====== EXTRACTED RECORDS ======

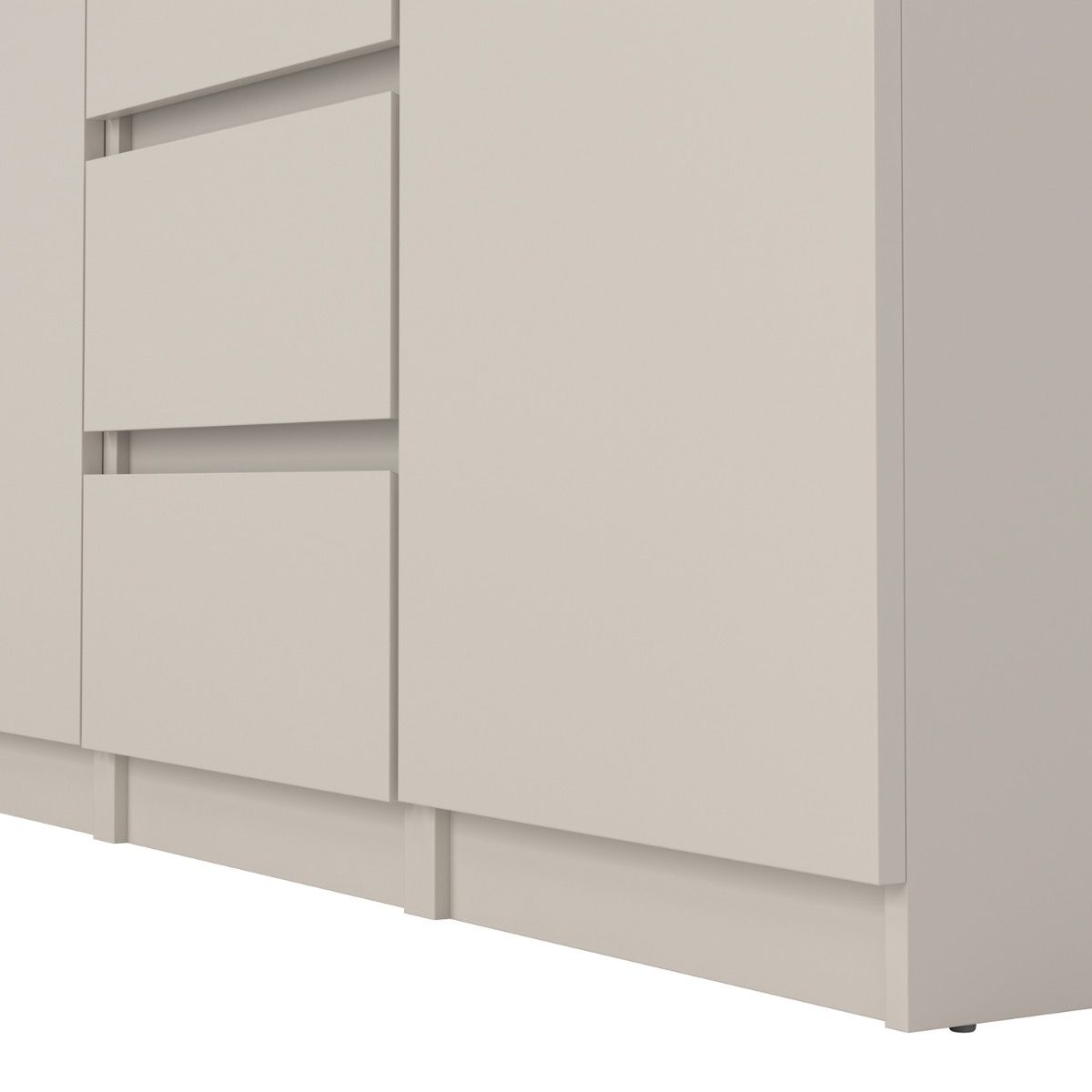 Naia Sideboard 4 Drawers 2 Doors in Cashmere Jackson Hickory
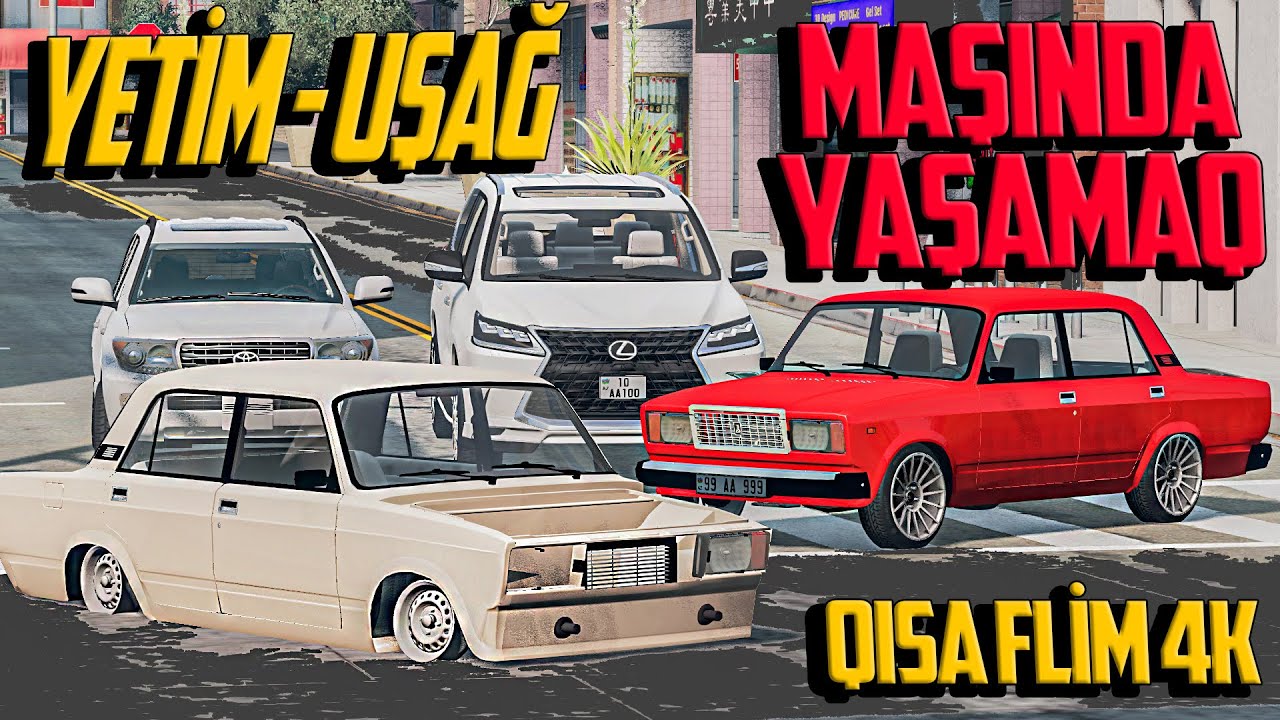 Vaz 07 və Yetim uşaq Maşında yaşamaq | Maşın Oyunları | BeamNG.Driver 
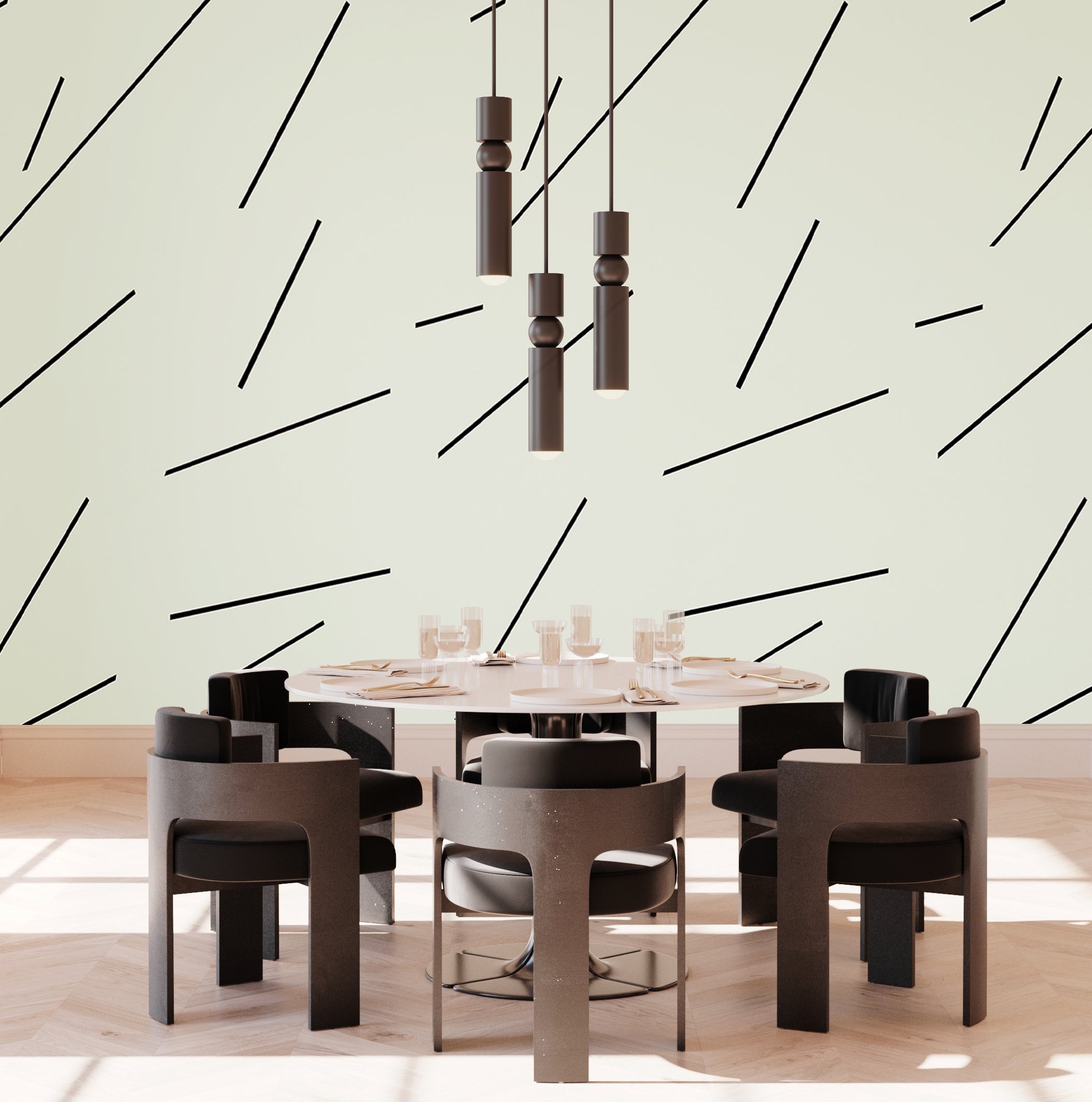 Bang Dem Sticks© Wallpaper in Mint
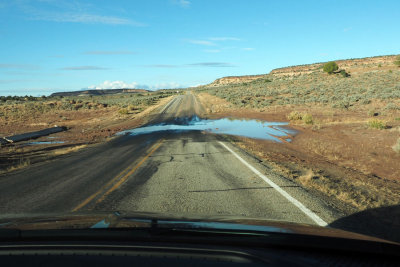 During the drive back from Canyonlands Needles district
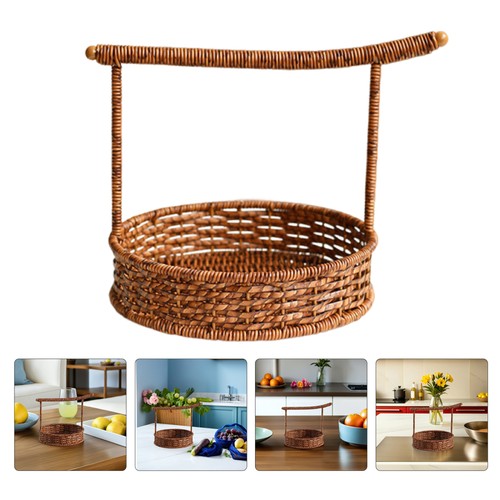  Handgehaltener runder Aufbewahrungskorb Arbeitsplatte Snack Organizer Obstkörbe - Bild 6 von 12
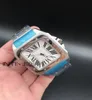 Herren Watch 100 xl Edelstahl Casual Watch 2813 Automatische Bewegung Mechanik 39 mm Silber Hülle Originalverschluss Armbanduhren1574518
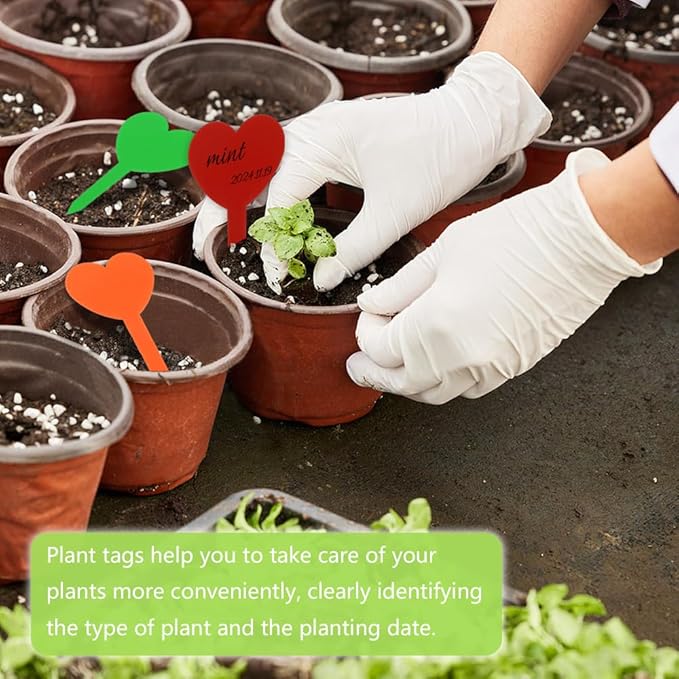 Plant Labels,120PCS Plastic Plant Tags Labels for Seedlings,Garden Labels Outdoor Waterproof,Garden Markers for Plants Outdoor,Gardening Supplies,Gifts for Gardening Lover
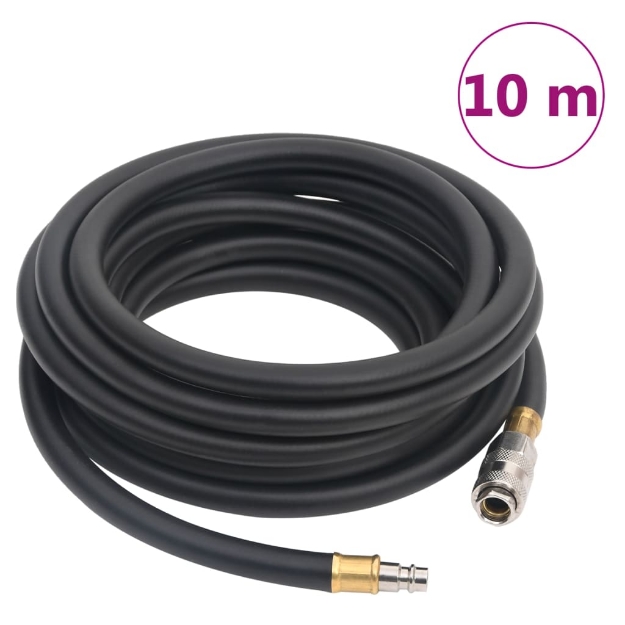 Tubo Aria Ibrido Nero 0,6" 10 m in Gomma e PVC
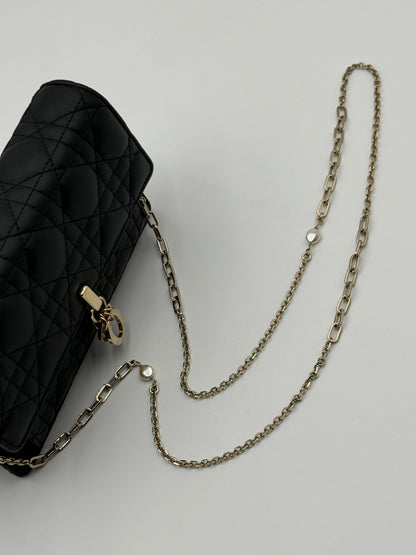 Dior Caro Lady Pouch – Black Leather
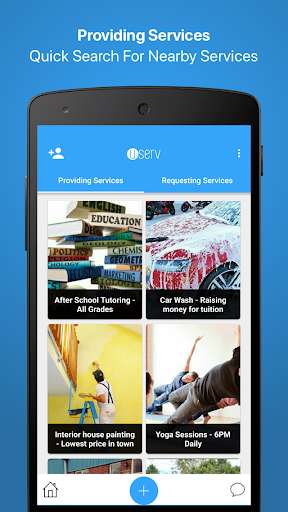 Run android online APK Userv - Provide & Request Services Nearby from MyAndroid or emulate Userv - Provide & Request Services Nearby using MyAndroid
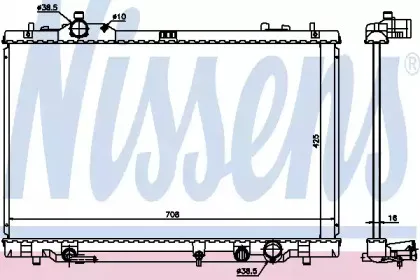 646819 NISSENS Радиатор, охлаждение двигателя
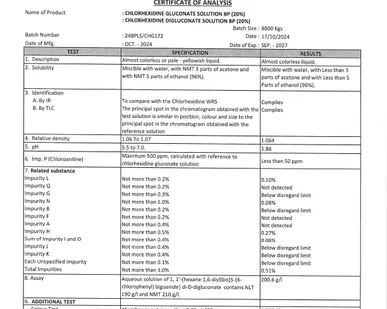 фото Хлоргексидин 20%, Индия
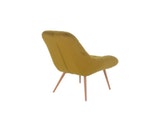 SalesFever® Loungesessel gelb XXL-Sitzfläche Steppung Samt Metall Holzoptik CHICAGO 390610 Miniaturansicht - 5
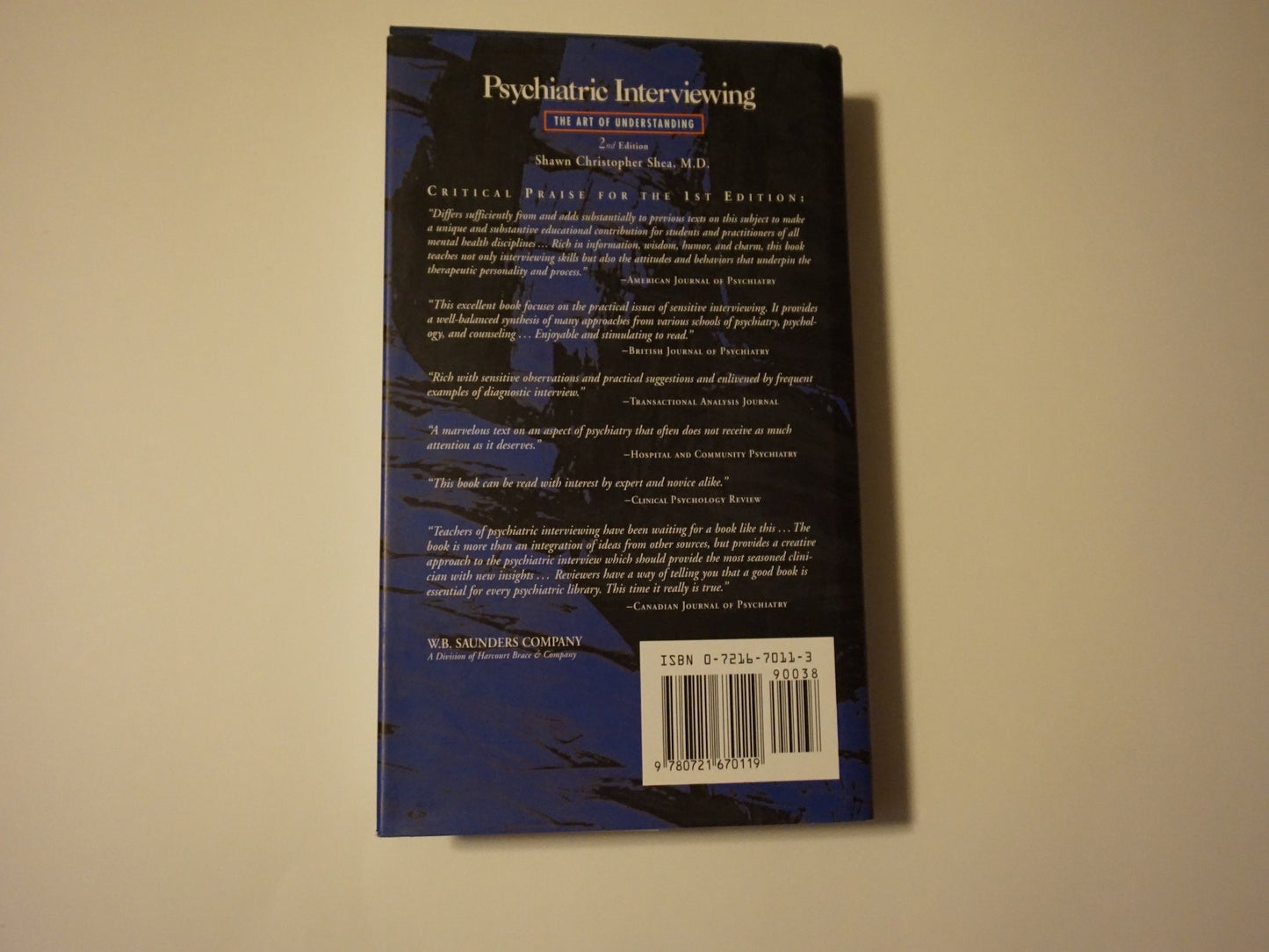 Psychiatric Interviewing: The Art of Understanding A Practical Guide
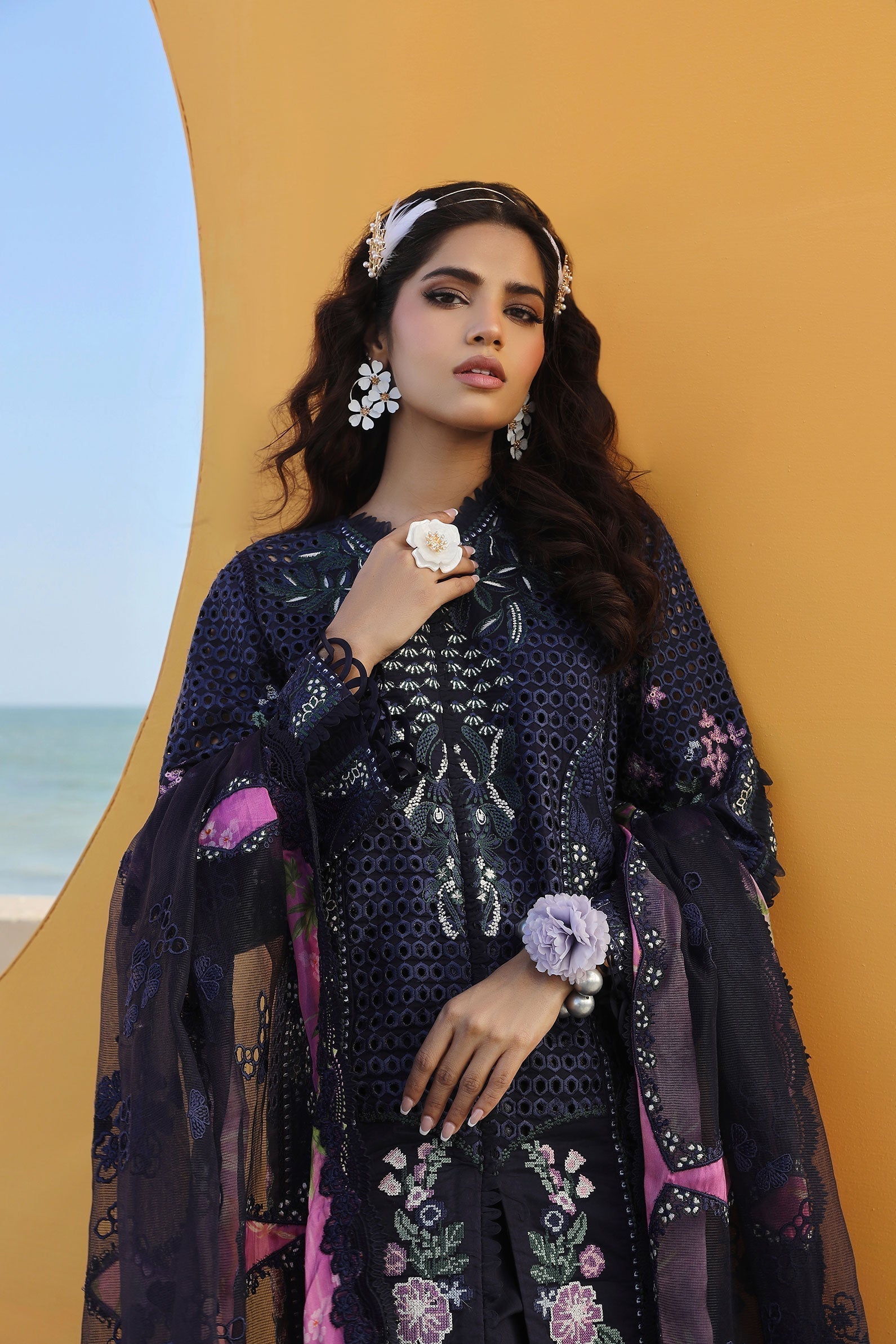 Maryam Hussain | Luxury Lawn 24 | ZOYA - House of Zarish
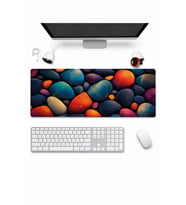 SonicTouch Klavye Mousepad 32x70cm Dikişsiz Pürüzsüz Sıvı Geçirmez Kaymaz Taban Kintsugi Çakılları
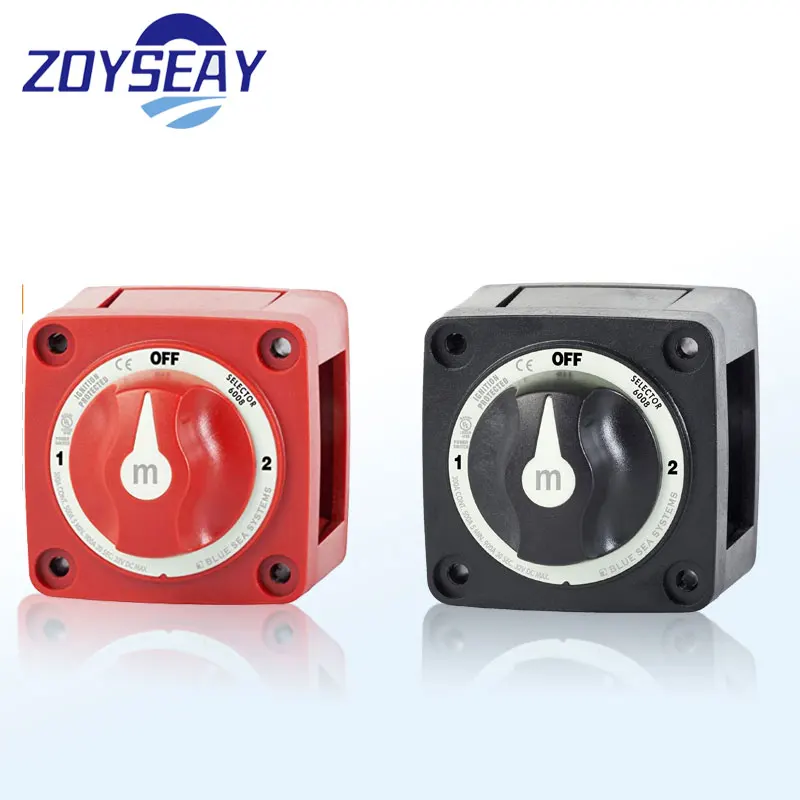 Red or Black 3 Position Battery Switch 6008M Series Waterproof Switch For Cars RV Yachts Trucks Marine boat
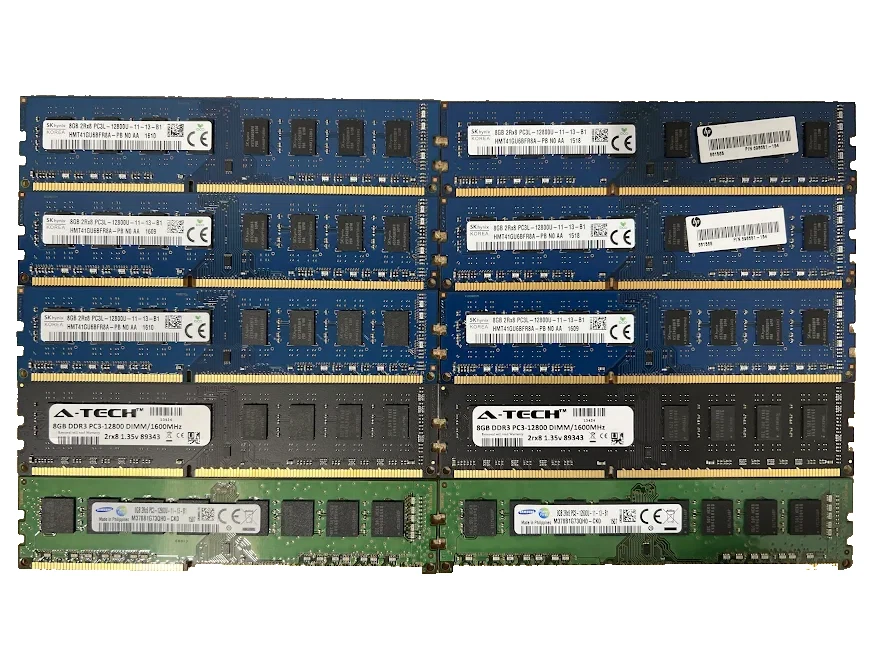 DDR3 SDRAM Computer Memory (RAM) 10 Modules for sale | eBay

======

▶ _YOUR OBJECTIVE_
Every line from the one containing "Bang Dem Sticks© Wallpaper in Mint" to the final line of the records should be duplicated exactly; no picture is to be copied.

▶ _ANSWER FOR THE TASK_
 Bang Dem Sticks© Wallpaper in Mint
 During the drive back from Canyonlands Needles district
  Handgehaltener runder Aufbewahrungskorb Arbeitsplatte Snack Organizer Obstkörbe - Bild 6 von 12
 Herren Watch 100 xl Edelstahl Casual Watch 2813 Automatische Bewegung Mechanik 39 mm Silber Hülle Originalverschluss Armbanduhren1574518
 Plant Labels,120PCS Plastic Plant Tags Labels for Seedlings,Garden Labels Outdoor Waterproof,Garden Markers for Plants Outdoor,Gardening Supplies,Gifts for Gardening Lover
 Tubo Aria Ibrido Nero 0,6" 10 m in Gomma e PVC
 Dior Caro Lady Pouch – Black Leather
 Run android online APK Userv - Provide & Request Services Nearby from MyAndroid or emulate Userv - Provide & Request Services Nearby using MyAndroid
 646819 NISSENS Радиатор, охлаждение двигателя
 фото Хлоргексидин 20%, Индия
 SalesFever® Loungesessel gelb XXL-Sitzfläche Steppung Samt Metall Holzoptik CHICAGO 390610 Miniaturansicht - 5
 Psychiatric Interviewing: The Art of Understanding A Practical Guide
 Maryam Hussain | Luxury Lawn 24 | ZOYA - House of Zarish
 SonicTouch Klavye Mousepad 32x70cm Dikişsiz Pürüzsüz Sıvı Geçirmez Kaymaz Taban Kintsugi Çakılları
 Red or Black 3 Position Battery Switch 6008M Series Waterproof Switch For Cars RV Yachts Trucks Marine boat
 DDR3 SDRAM Computer Memory (RAM) 10 Modules for sale | eBay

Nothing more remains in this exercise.